_PROBLEM REQUIREMENTS_
The required output is the exact run of lines from the one that contains "Male scrolling on his phone." to the end of the data, with every picture left out.

_GIVEN DATA_
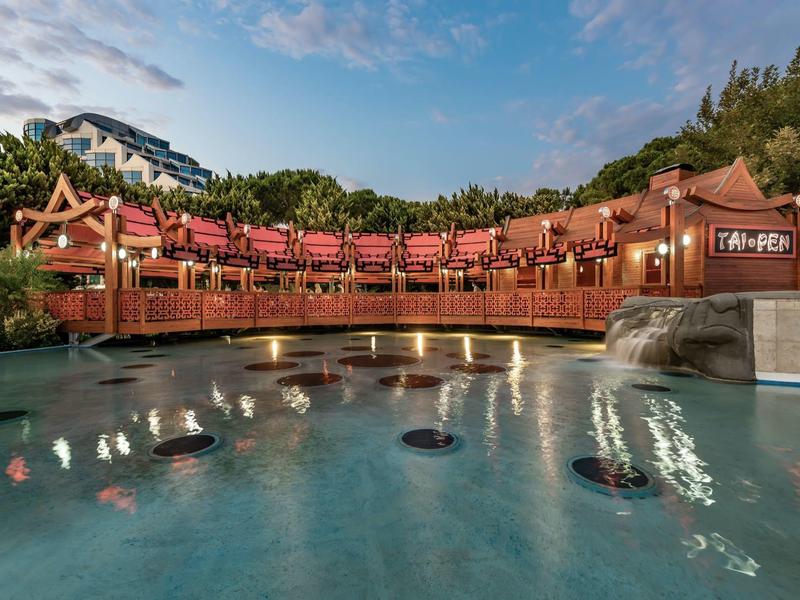 Traditionelles asiatisches Gebäude mit rotem Dach und einem Wasserbecken im Vordergrund bei Sonnenuntergang.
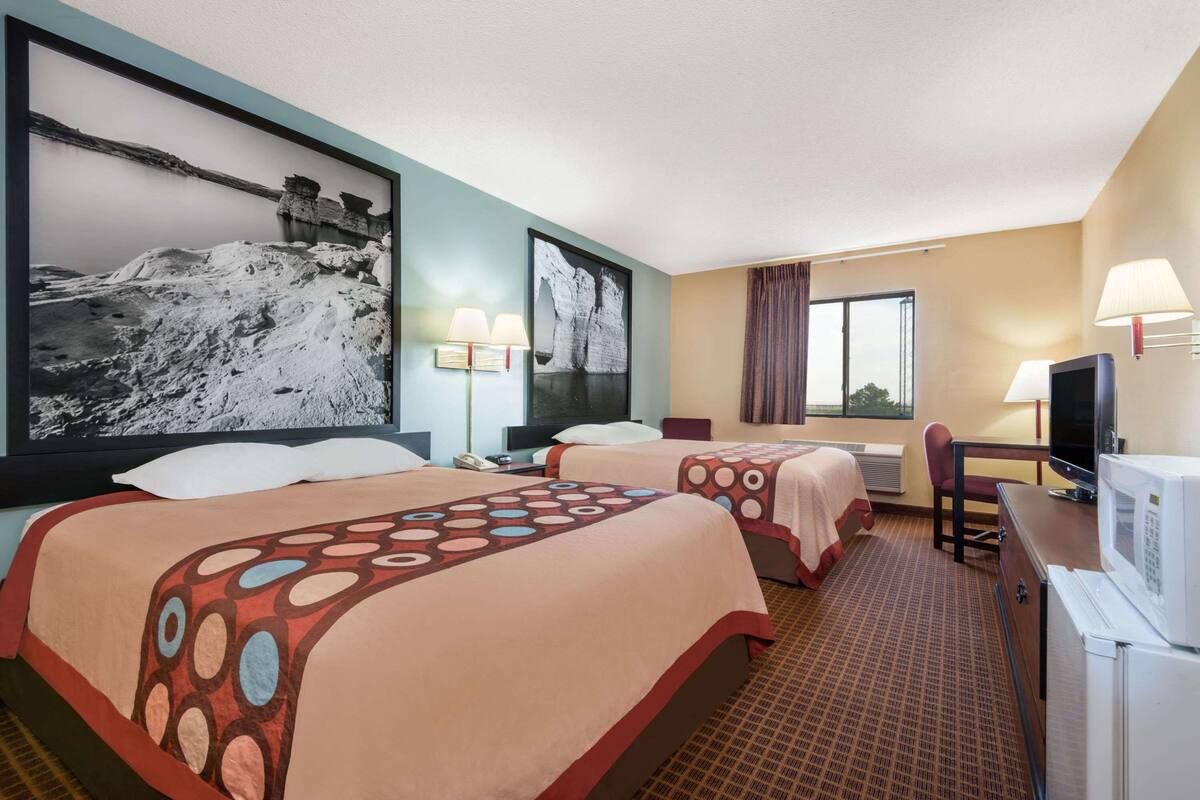 Habitación de hotel con dos camas, un escritorio, un televisor y un cuadro grande en la pared.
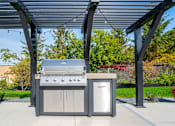 Thumbnail 44 of 102 - A modern outdoor kitchen setup with a grill, sink, and cabinet.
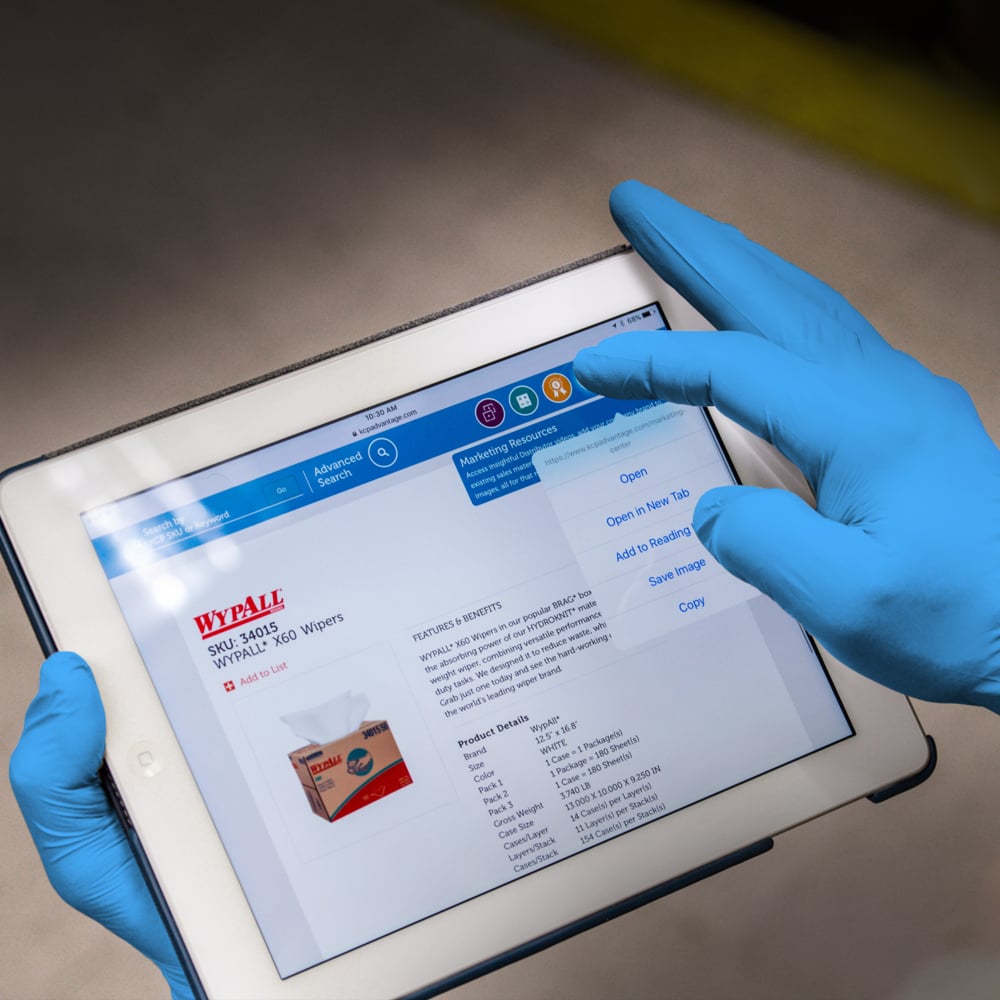 Eine Person, die KleenGuard® G10 2PRO Blaue Nitril-Handschuhe (23cm, beidhändig) von Kimberly-Clark GmbH trägt, verwendet ein Tablet, auf dem die Produktseite der WypAll X60 Wischtücher (SKU 34955) mit Details, Optionen und einem Bild der Verpackung angezeigt wird.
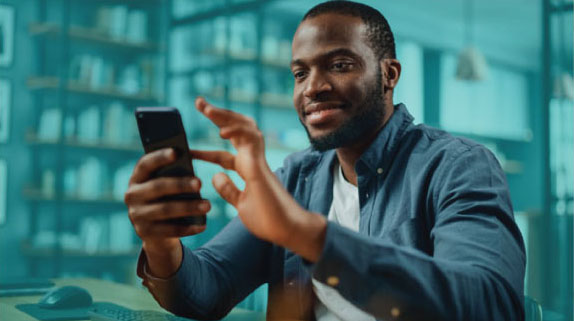 Male scrolling on his phone.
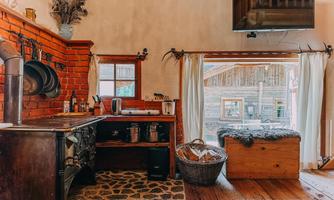 A cozy kitchen with a rustic stove and a window view. The room has a warm wooden floor and simple, natural decorations.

_PROBLEM SOLUTION_
 Male scrolling on his phone.
 A cozy kitchen with a rustic stove and a window view. The room has a warm wooden floor and simple, natural decorations.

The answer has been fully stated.